Наверное, все камерные спектакли Семёна Серзина – очень разные и не всегда «тихие» – объединяет главная тема или свойство: исследование точки перехода прозы в поэзию и наоборот. Недаром так часто материалом становятся дневники – со стихами или без. В «Невидимом театре» у Серзина были спектакли по Галичу и Рыжему, Шпаликову и Довлатову, Володину и Зощенко, вне его – по дневникам Анны Франк и Полины Жеребцовой, по текстам Башлачёва… и по пьесе Константина Стешика «Летели качели», где тенью нависает фигура мифологизированного Егора Летова. Одна из новейших пьес Стешика, «Друг мой», стала основой одноимённой премьеры Серзина в «Невидимом театре».

Поэзия (или, шире, литература), по Серзину, – метафора театра как места присутствия живого человека. Его художественно оформленной конкретности. Человек в театре явлен во всей полноте – ограниченный своей «фактурой», он не ограничен в возможности выразить свою боль, глубину, объём чувства, который в реальной жизни едва ли заметен со стороны. Но при этом для Серзина принципиально, что тот же человек в том же самом «здесь и сейчас» – несовершенен и порой непригляден, иногда прост и даже зауряден с виду. Наши посты в соцсетях красивее и остроумней наших разговоров, а поэты и артисты в жизни не столь возвышенны, как их слова и образы. Особенно для стороннего взгляда. Но это не противоречие – и жизнь, и человек многомерны, а в чём-то и амбивалентны: стихи и сор не живут друг без друга.

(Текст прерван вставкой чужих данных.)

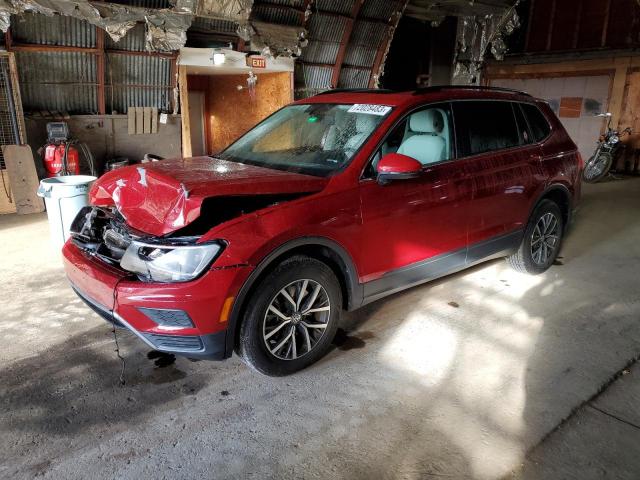 VOLKSWAGEN TIGUAN 2019 3vv2b7ax4km071792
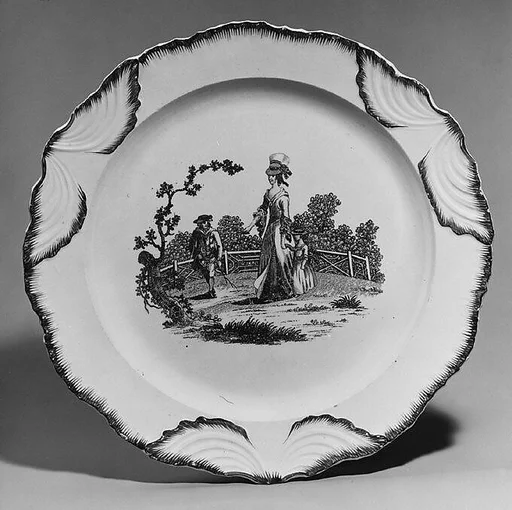 Plate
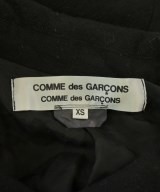 COMME des GARCONS COMME des GARCONS（コムデギャルソンコムデギャルソン）ジャケット 黒 サイズ:XS レディース/2200714960029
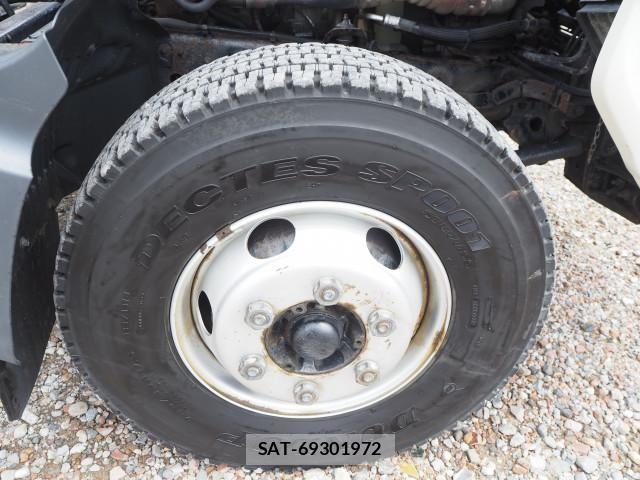 Hino RANGER 2019-06 8563356-18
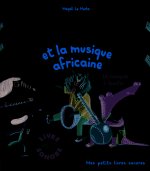 Paco et la musique africaine (Livre sonore) 16 musiques a ecouter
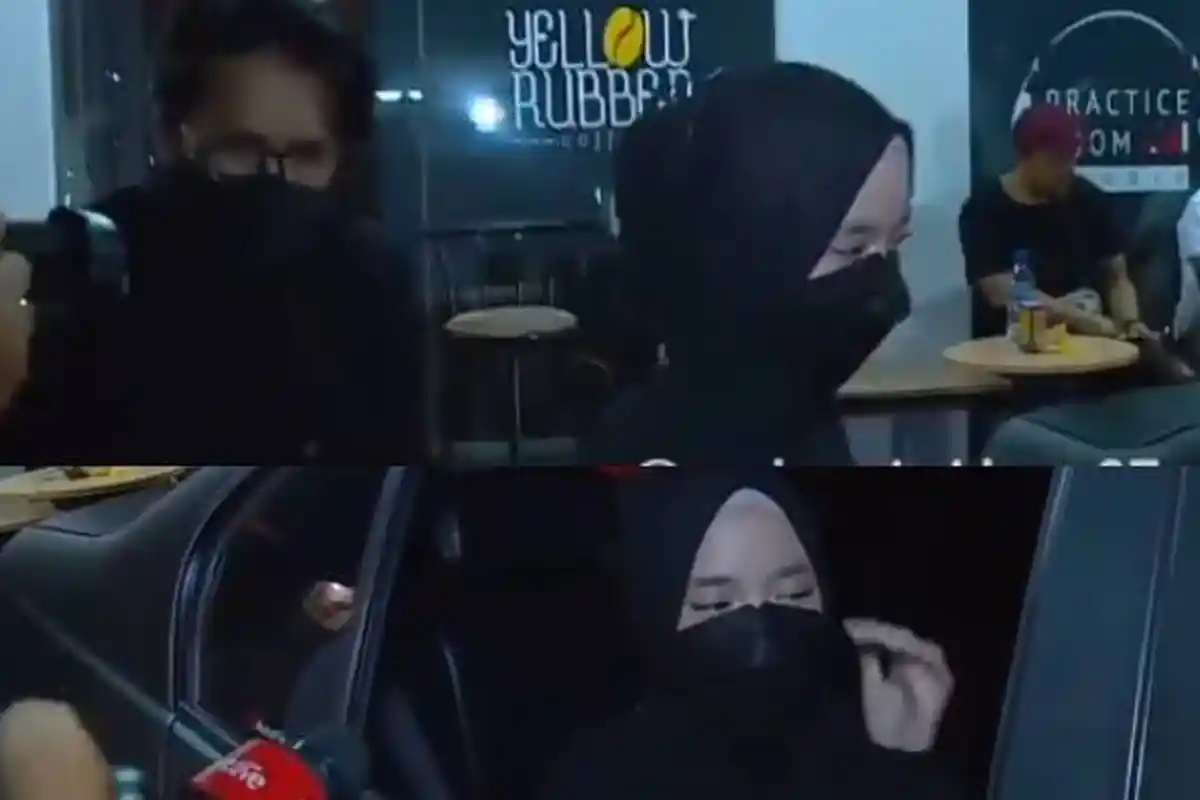 Nissa Sabyan Salting saat Live Tampil di TV? Beda Gelagat ke Ayus dan Personel Lain, Ingin Ubah Imej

Друг без друга – ключевая ситуация премьерного спектакля: это рассказ одинокого человека о ночной прогулке с другом, которому вскоре после рассвета стало плохо, и теперь тогдашние диалоги приходится повторять одному. Написанный как монопьеса текст Стешика поставлен по всей стране, но почти всегда «многофигурно»: все герои истории обретают плоть, становятся ролями. А если не идти этим путём, то велик соблазн превратить пьесу-притчу в «чистый звук», прочитать её отстранённо и поэтически. В этом спектакле на сцене единственный актёр – артист МДТ Олег Рязанцев, – но о холодно-скупой безучастности не идёт и речи.

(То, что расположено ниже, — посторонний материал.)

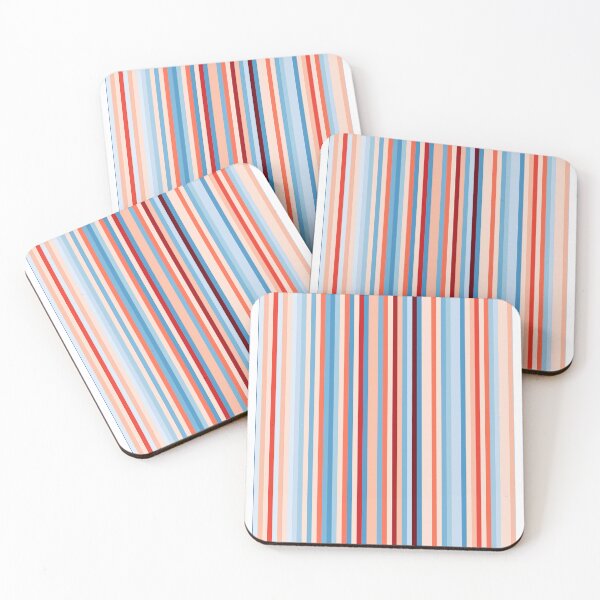 Item preview, colored stripes designed and sold by Akondi Serge.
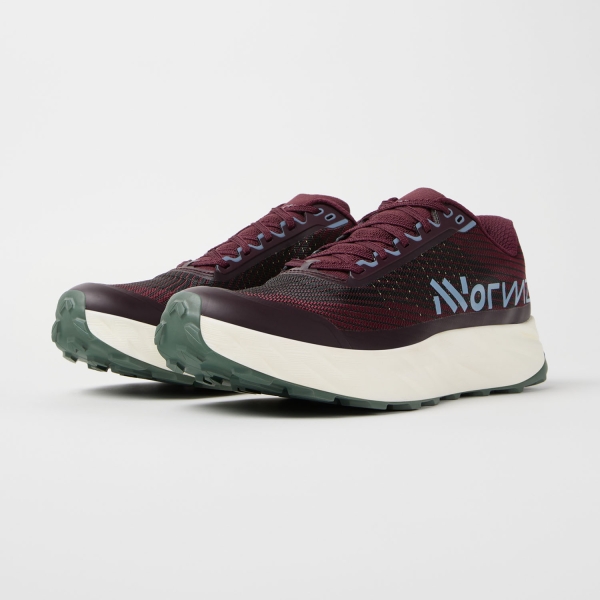 NNormal Kjerag 2.0 - Burgundy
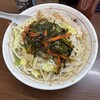 ラーメン二郎 横浜関内店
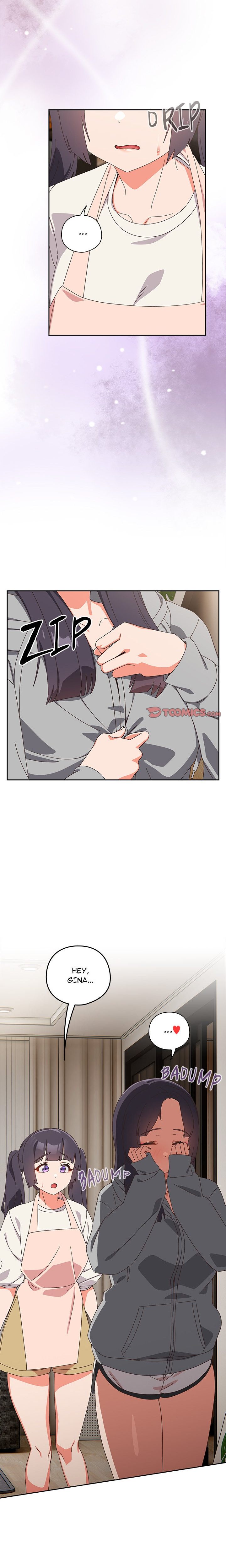 Like No Other - Page 19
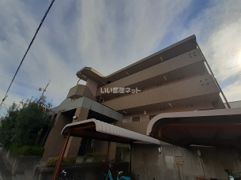 サニーデールの外観画像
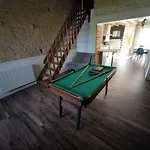 Domaine Du Marais Corps De Ferme Et Piscine Dom wakacyjny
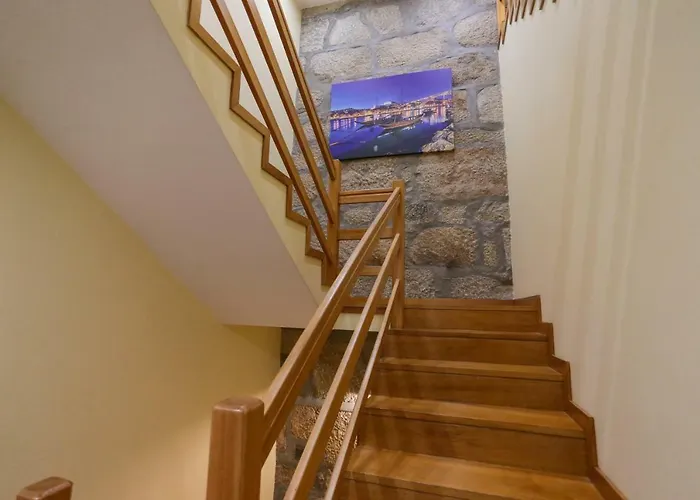 Downtown Flats * Πόρτο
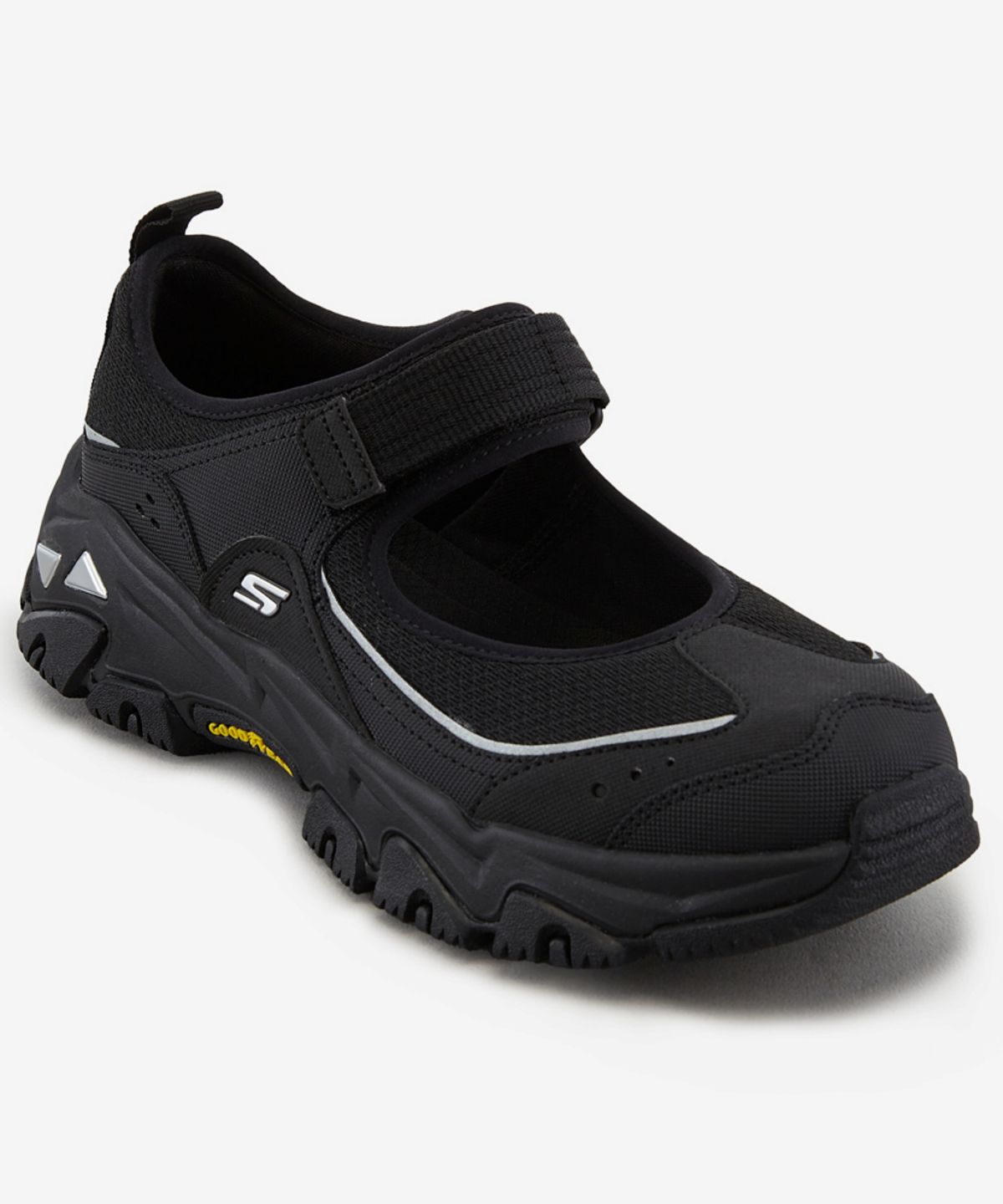 스케쳐스(SKECHERS) 여성 딜라이트 하이커_SL0WPCGX231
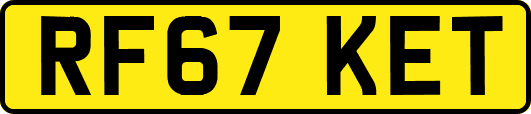 RF67KET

Спектакли-монологи, в том числе собранные из диалогов, Серзин любит. Один из лучших примеров – «Я шагаю по Москве», замедленная до неполного часа действия предсмертная секунда самоубийцы Гены (Шпаликова). В спектакле «Друг мой» до того же неполного часа уплотнена посмертная ночь. Или ночь вместо смерти. Сумеречный ад вины и беспомощности, банька с пауками, заткавшими одиночество памятью. В качестве буквальной «баньки» – комнатушка, небывало для «Невидимого театра» опредмеченная, заполненная техникой (древние кассетник и колонки, ноутбук, игровая приставка, телевизор, чайник), посудой и мебелью, лампами и бумажками. Над столом – остановившиеся часы, на столе – металлофон, на стене – политическая карта мира времён СССР… Огромное окно – часть архитектуры площадки «Невидимого центра» – тоже становится элементом сценографии. В этой комнате, придуманной художницей Татьяной Артамоновой, есть место и гостям – несколько зрительских кресел стоят у той стены, что со стороны остальных рядов оказывается «арьерсценой». Но в организации пространства важно и другое: к сдвинутым в дальний от входа угол игровой площадке и зрительской трибуне нужно проходить сквозь темноту и пустоту почти двух третей помещения, оставаясь потом на «островке» и смутно помня об этом зиянии непроглядности за спиной. Это реальность героя-рассказчика и одного из встреченных им в ночи – «крепкого парня», который в утреннем свете окажется «хрупким парнем», человека, больного после пережитой катастрофы (аварии и гибели близких) не столько физически, сколько психически. С ним повествователь и его друг будут говорить о Боге, в которого вроде бы не верят, страхе и кромешном одиночестве, буквально лишающем сна и покоя. А то ли крепкий, то ли хрупкий парень – единственный, кому даны большие философские монологи, – рассказывает о своих ощущениях в пустоте ночной квартиры, которые может уловить и зритель спектакля, вслушавшись в пространство.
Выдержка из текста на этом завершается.